- TASK DESCRIPTION:
In the material below, find the line containing "От семейных встреч" and output it and all lines after it exactly, through the last one, without the pictures.
Segment Start: EXERCISE DATA
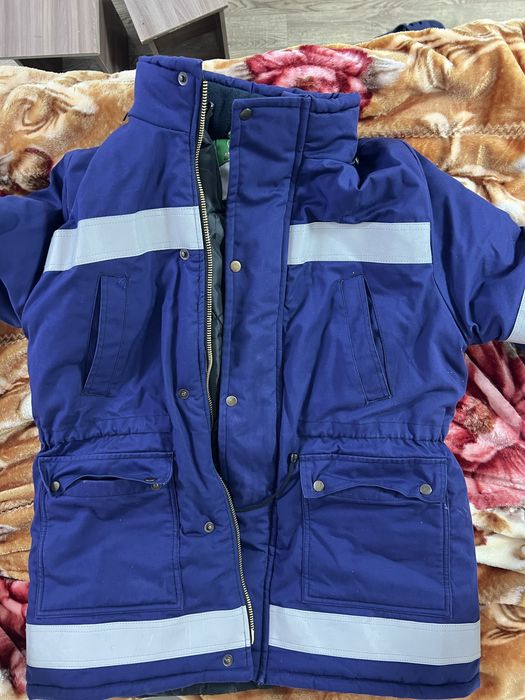 Продаю почти новую спецовку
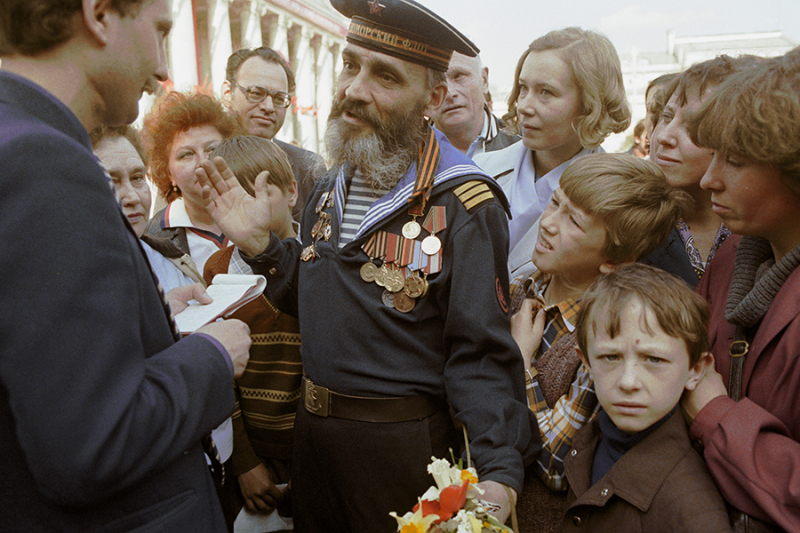 От семейных встреч до «Бессмертного полка»: 80 лет празднования 9 мая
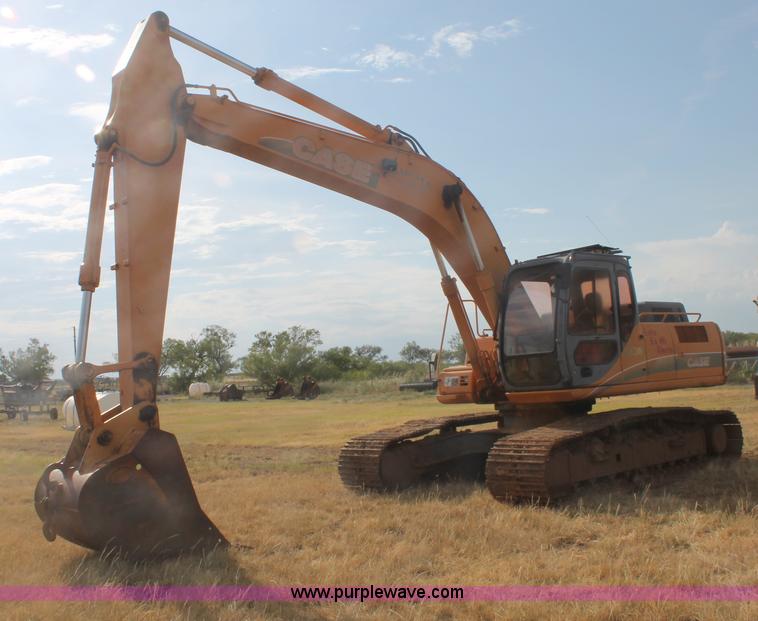 image for item G5799 2002 Case CX240 excavator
Segment End: EXERCISE DATA
- ANSWER TO THIS TASK:
 От семейных встреч до «Бессмертного полка»: 80 лет празднования 9 мая
 image for item G5799 2002 Case CX240 excavator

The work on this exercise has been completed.